Commuter rail station in Clearfield, Utah, US

Clearfield station is a commuter rail station in Clearfield, Utah, United States served by the FrontRunner, Utah Transit Authority's (UTA) commuter rail train that operates along the Wasatch Front with service from Ogden in central Weber County through Davis County, Salt Lake City, and Salt Lake County to Provo in central Utah County.

==Description==
The station is located at 1250 South State Street (SR-126) on approximately 73 acres of land and has easy access from I-15 by either 700 South (SR-193) or West Antelope Drive (SR-108). It is located between the Freeport Center and I-15 and south-west of Hill Air Force Base, 2.75 mi west of the South Gate. It was anticipated to provide commuter service to the approximately 22,600 employees at Hill Air Force Base and the approximately 8,500 employees at the Freeport Center.
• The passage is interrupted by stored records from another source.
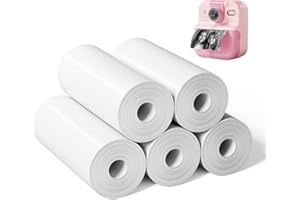 5 Rolls Kids Camera Paper Roll Refill - 2 Inch Black on White Photo Papers Compatible with ESOXOFFORE/memoking T02 / phomemo T02/ Liscuty P02- Thermal Printing - Ideal for Ages 3-15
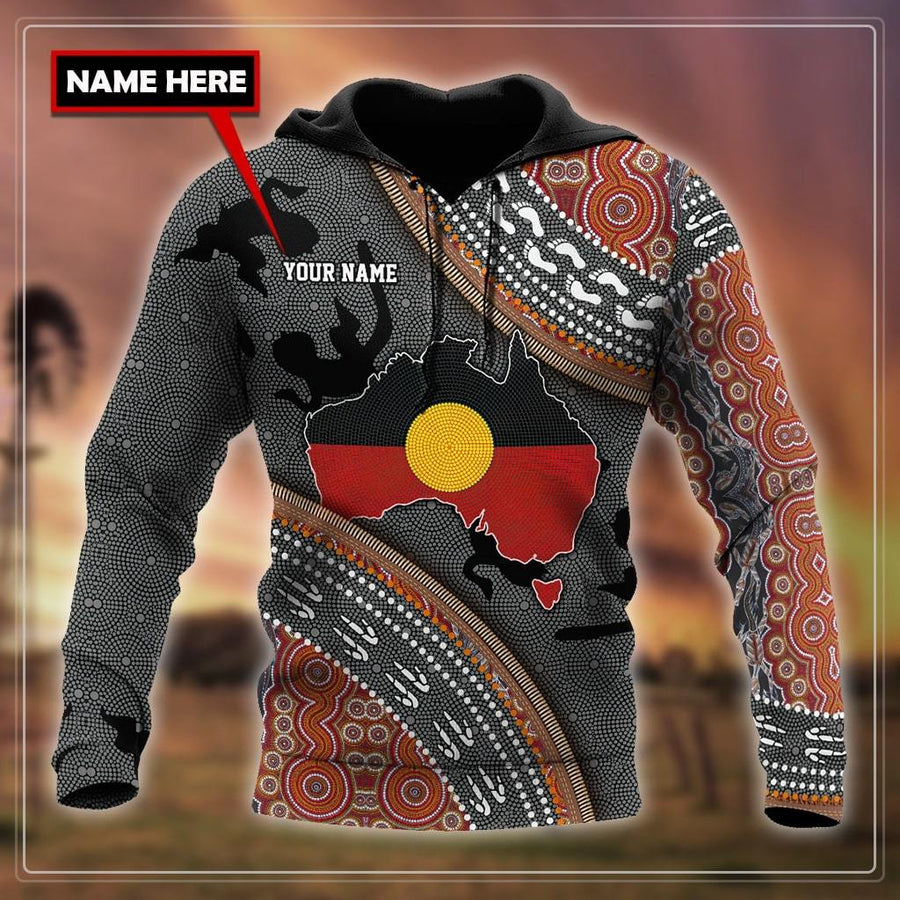 Custom name Aboriginal dots Zip pattern 3D design printed summer shirts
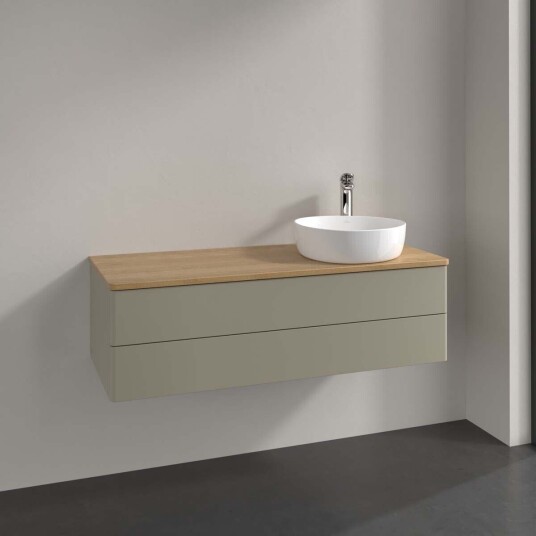 Villeroy & Boch Antao Servantskap med 2 skuffer 120x50x36 cm u/lys Steingrå/Eik Villeroy & Boch Antao Servantskap med 2 skuffer 120x50x36 cm u/lys Steingrå/Eik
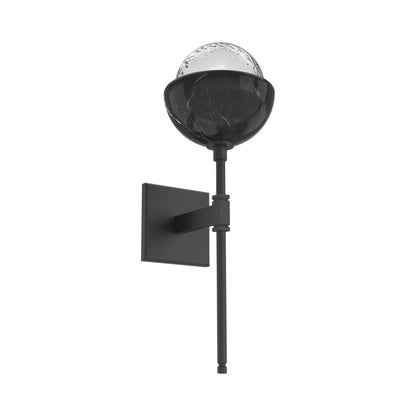 Cabochon Belvedere LED Wall Light in Matte Black/Clear Blown Glass (Black Marble).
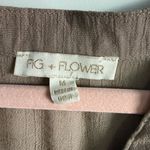 Fig + Flower Floral Embroidered Tan Dress Size M Photo 2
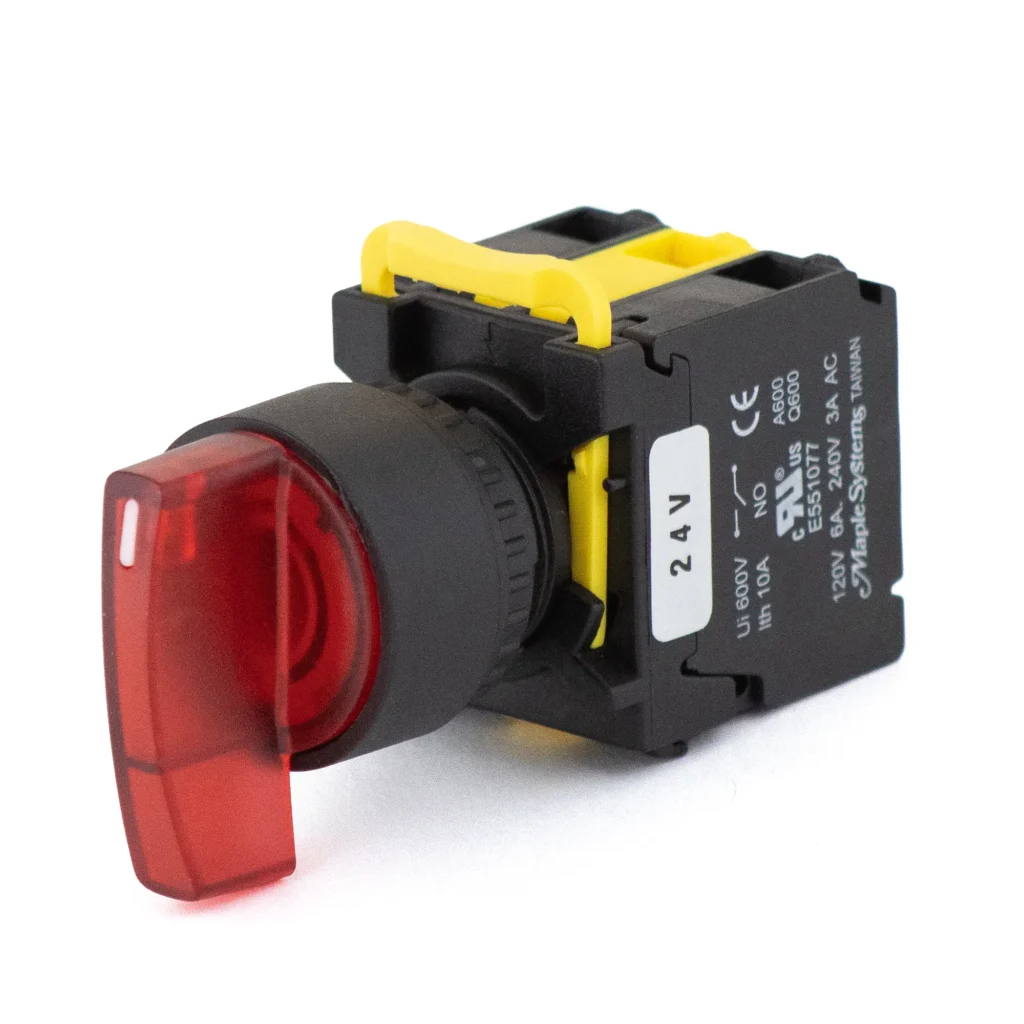 Maple Systems Pushbuttons Illuminated, 3POS, Selector Switch- Long Knob, Plastic, Red, Illuminated, PBS115NP22R-20L2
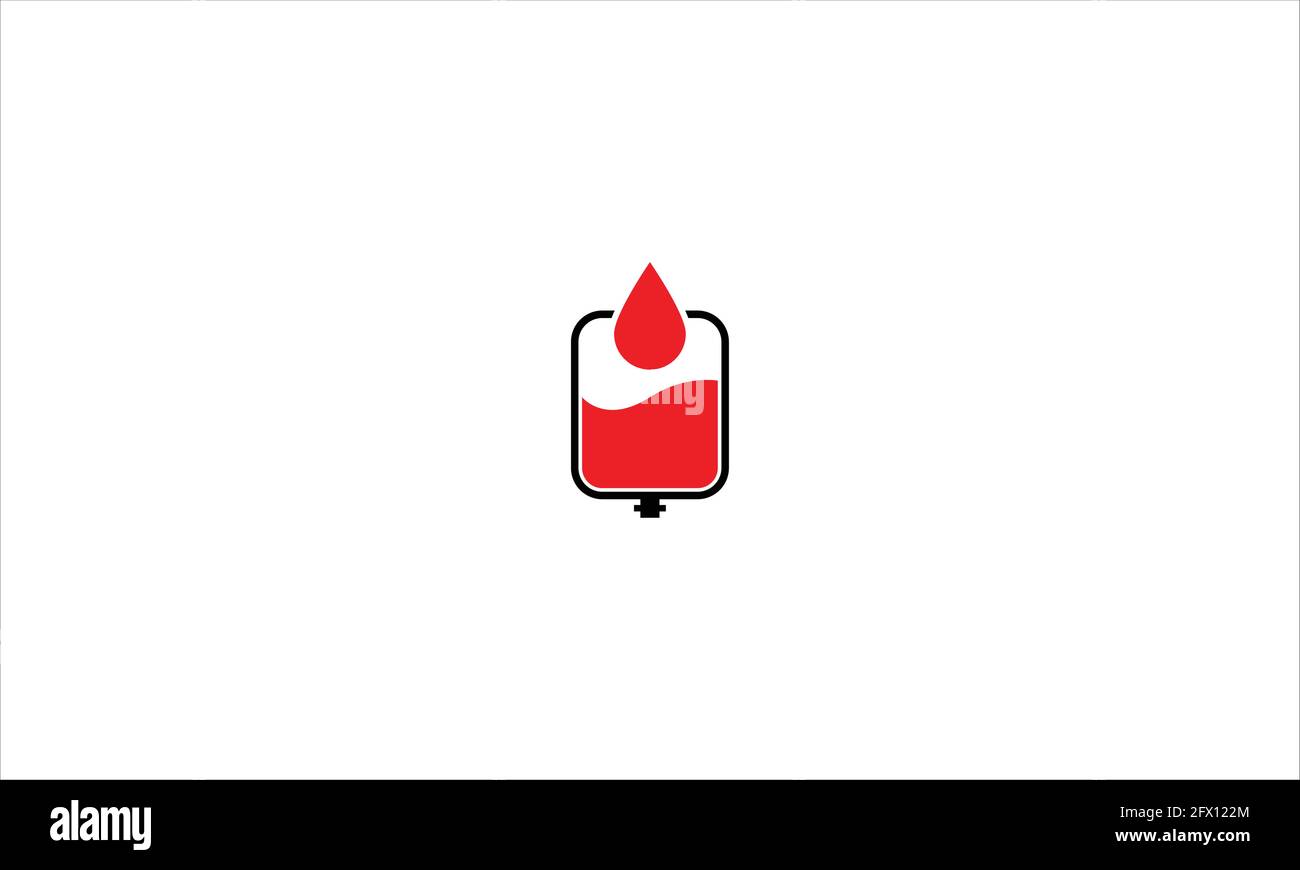 Blood pack vector icon illustration or blood bag icon vector design logo Stock Vector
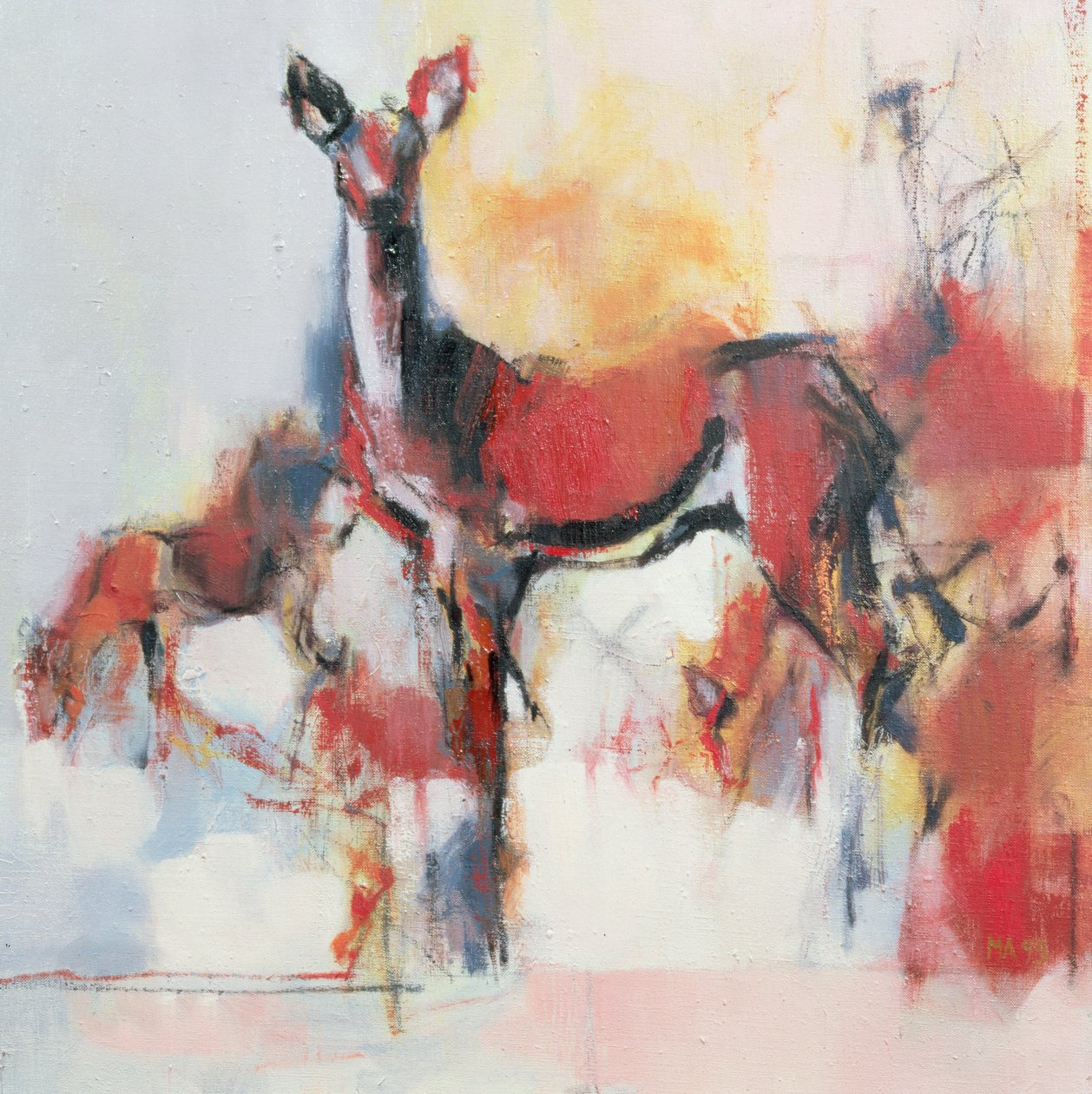 Hinds om vinteren, 1995 av Mark Adlington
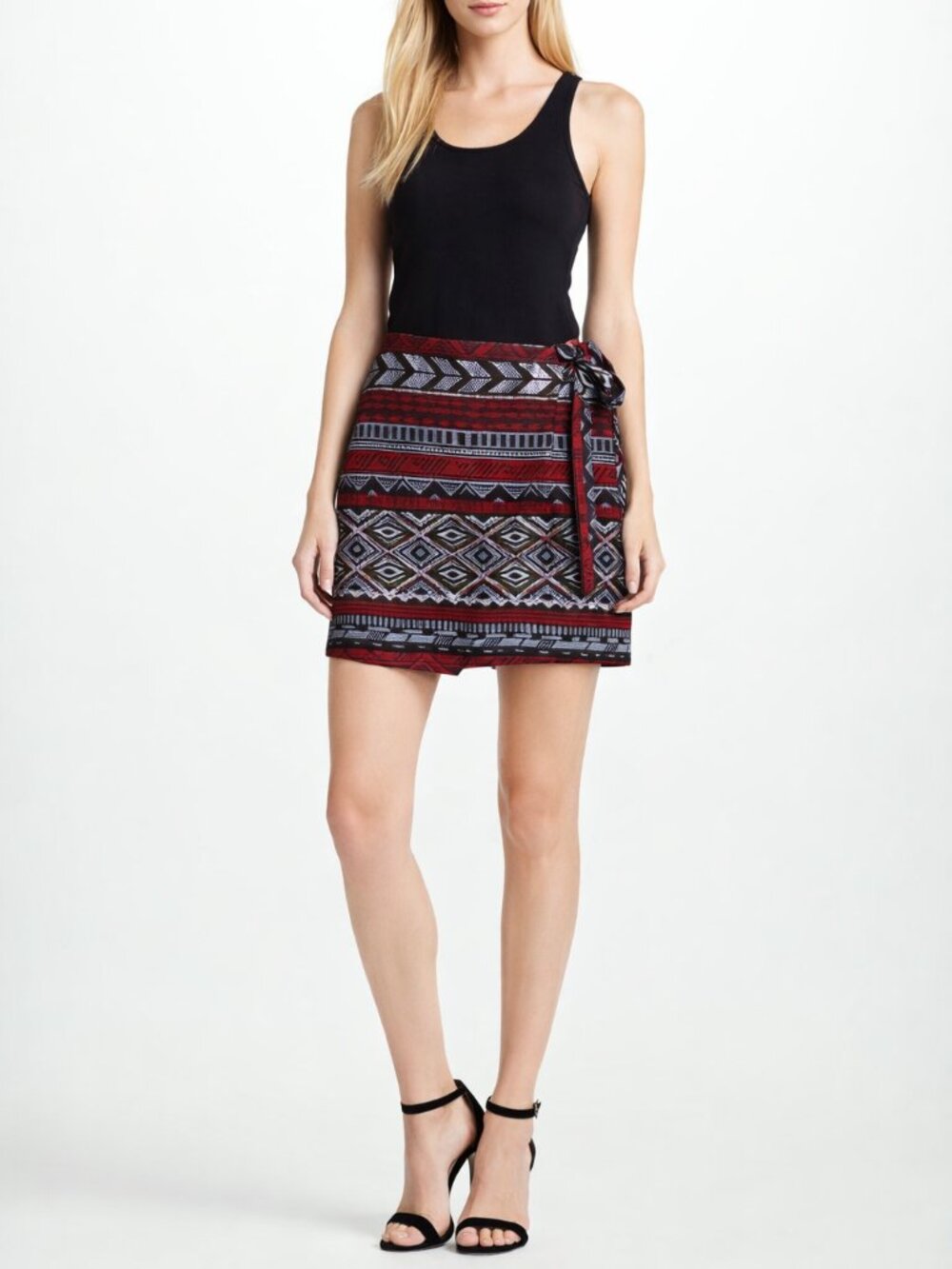 Express Black and Red Geometric Mini Skirt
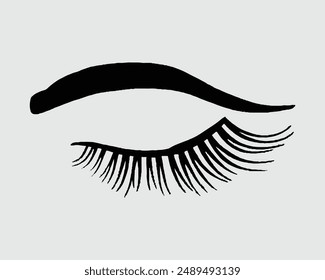 Professional glamor makeup, girl, salon, mascara, vector illustration, Bottled eyelashes of girls. Natural effect mascara, beauty, eyelash, lash, vector, false, eye, isolated.eps
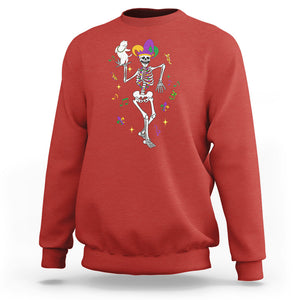 Mardi Gras Funny Jester Skeleton Dancing With Cat Sweatshirt TS09 Red Printyourwear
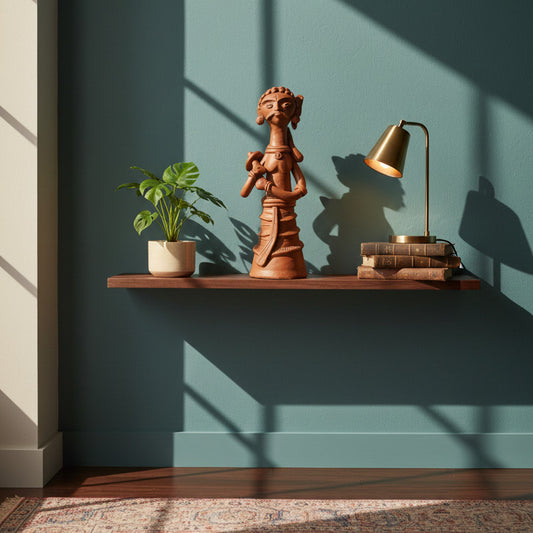 Indian terracotta folk art sculpture of a tribal woman styled on a floating wooden shelf, paired with a table lamp and indoor plant for contemporary home decor.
The station is also within walking distance of the Clearfield City offices, North Davis Junior High School, and Clearfield High School.

The station has a free Park and Ride lot with about 560 parking spaces available. The station is located within the Quiet Zone, so trains do not routinely sound their horns when approaching public crossings within this corridor. The inaugural FrontRunner train departed the station southbound at 9:00 am April 26, 2008. The station is operated by Utah Transit Authority.